Source records
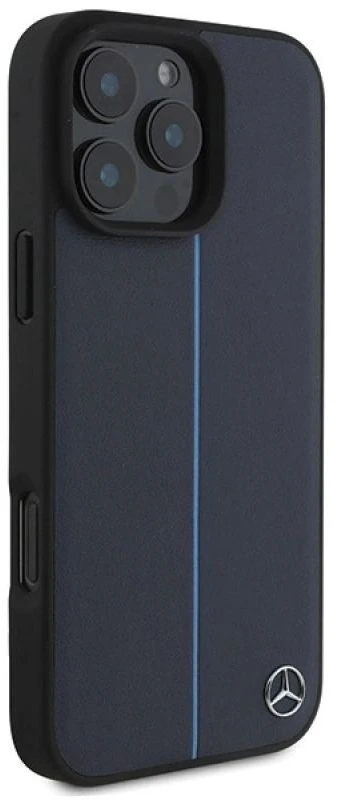 Mercedes MEHMP16X23RURBV Apple iPhone 16 Pro Max 6.9″ navy kietas dėklas MB Mėlyna Line Leather MagSafe
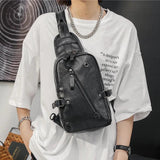 Men's High Style PU Leather Chest Bag Solid Shoulder Bag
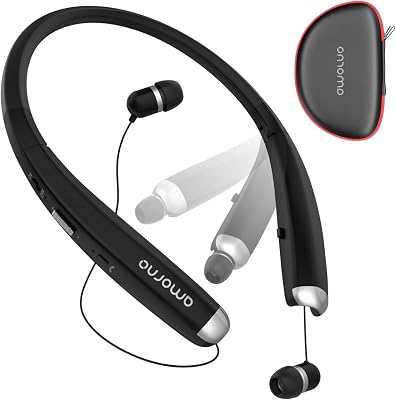AMORNO Foldable Bluetooth Headphones, Wireless Neckband Sports Headset with Retractable Earbuds, Sweatproof Noise Cancelling Stereo Earphones with Mic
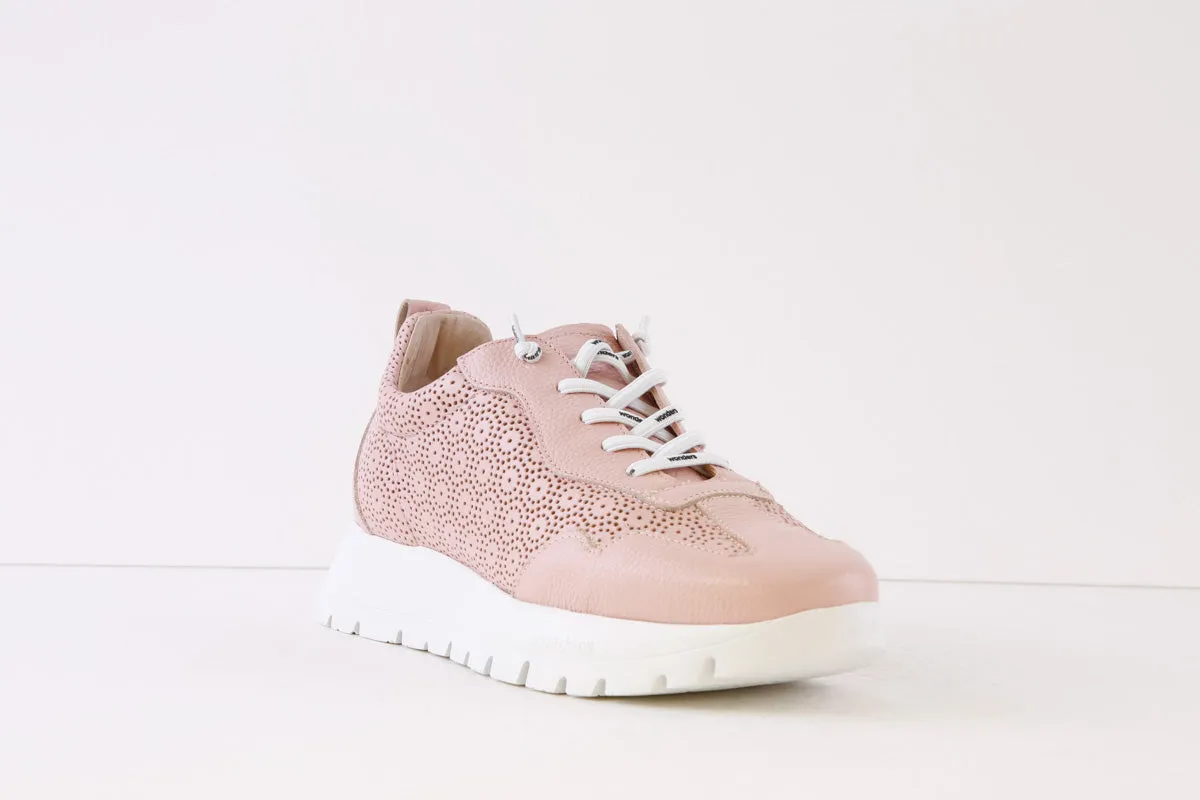 WONDERS - A-2440 FLAT LACED SHOE - PINK LEATHER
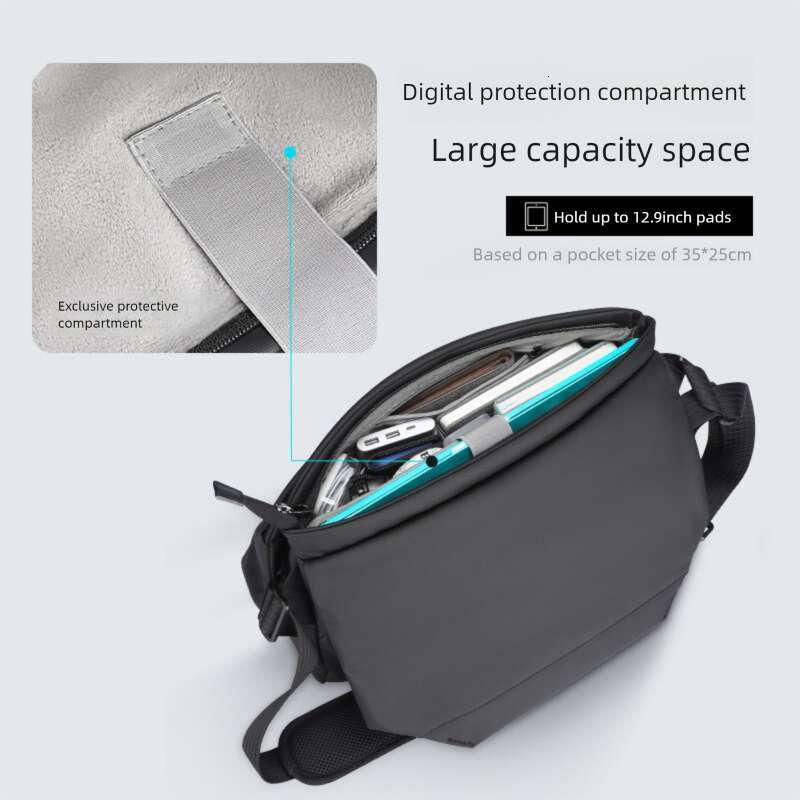 Luxury shoulder bag handbag Hobo MARK RYDEN cross-border new messenger bag crossbody bag large capacity 12.9-inch iPad bag casual men's shoulder 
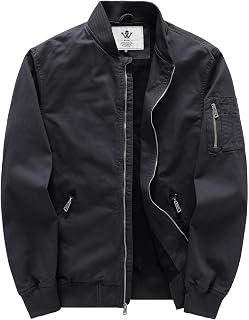 WenVen Men's Lightweight Cotton Flight Casual Military Bomber Jacket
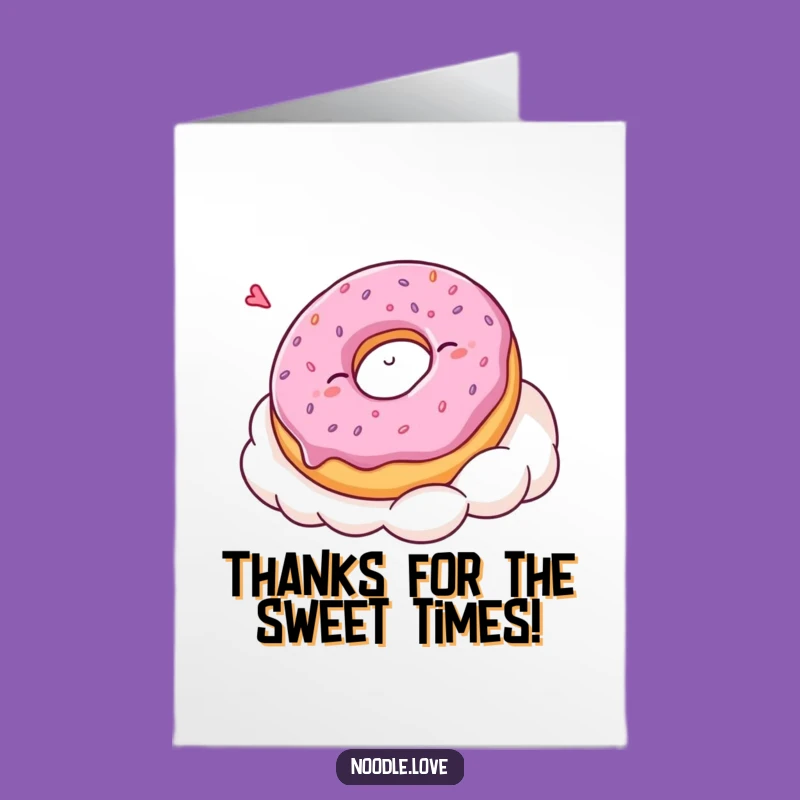 Free Printable Kawaii Donut Thank You Card: Funny Downloadable Gift for Sweet Appreciation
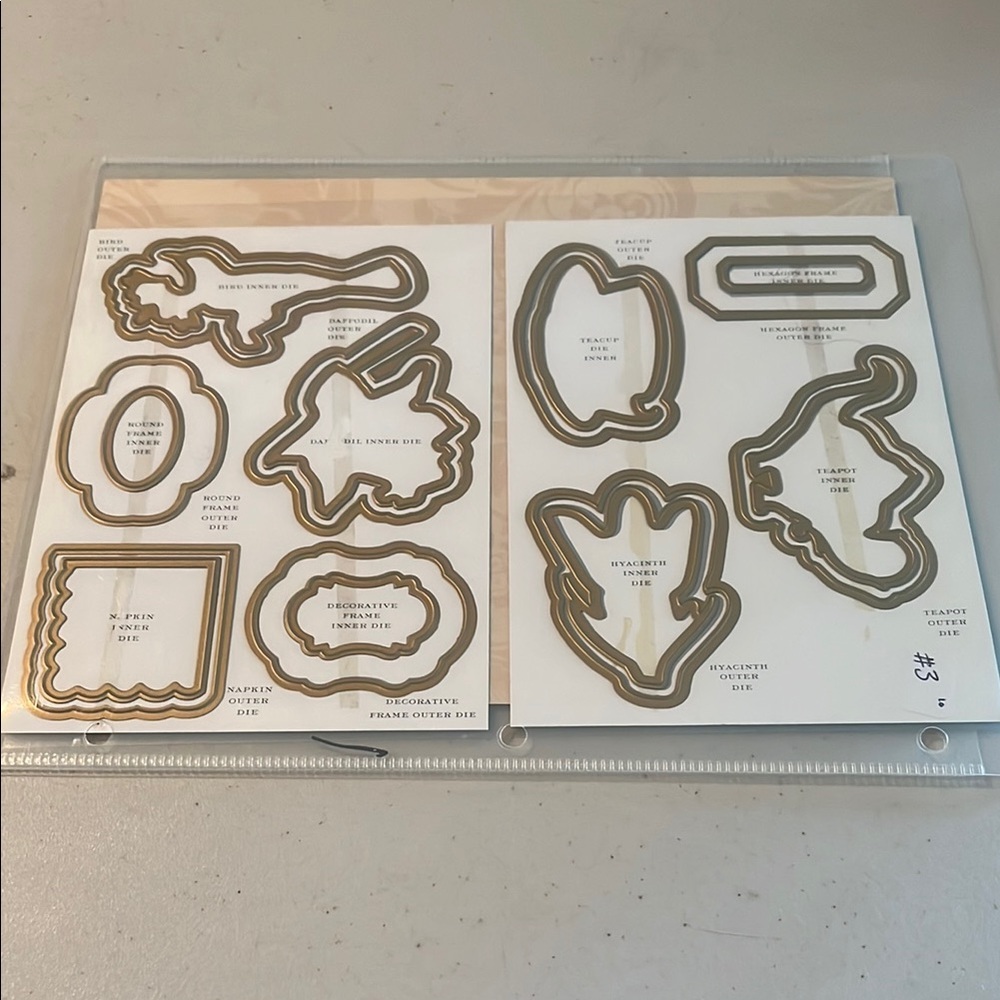 Gold Metal Frame Cutting Dies. Anna griffin.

EXERCISE REQUIREMENTS: Exclude the pictures and repeat the entries word for word.

SOLUTION TO THE EXERCISE:
 Mercedes MEHMP16X23RURBV Apple iPhone 16 Pro Max 6.9″ navy kietas dėklas MB Mėlyna Line Leather MagSafe
 Men's High Style PU Leather Chest Bag Solid Shoulder Bag
AMORNO Foldable Bluetooth Headphones, Wireless Neckband Sports Headset with Retractable Earbuds, Sweatproof Noise Cancelling Stereo Earphones with Mic
 WONDERS - A-2440 FLAT LACED SHOE - PINK LEATHER
 Luxury shoulder bag handbag Hobo MARK RYDEN cross-border new messenger bag crossbody bag large capacity 12.9-inch iPad bag casual men's shoulder 
 WenVen Men's Lightweight Cotton Flight Casual Military Bomber Jacket
 Free Printable Kawaii Donut Thank You Card: Funny Downloadable Gift for Sweet Appreciation
 Gold Metal Frame Cutting Dies. Anna griffin.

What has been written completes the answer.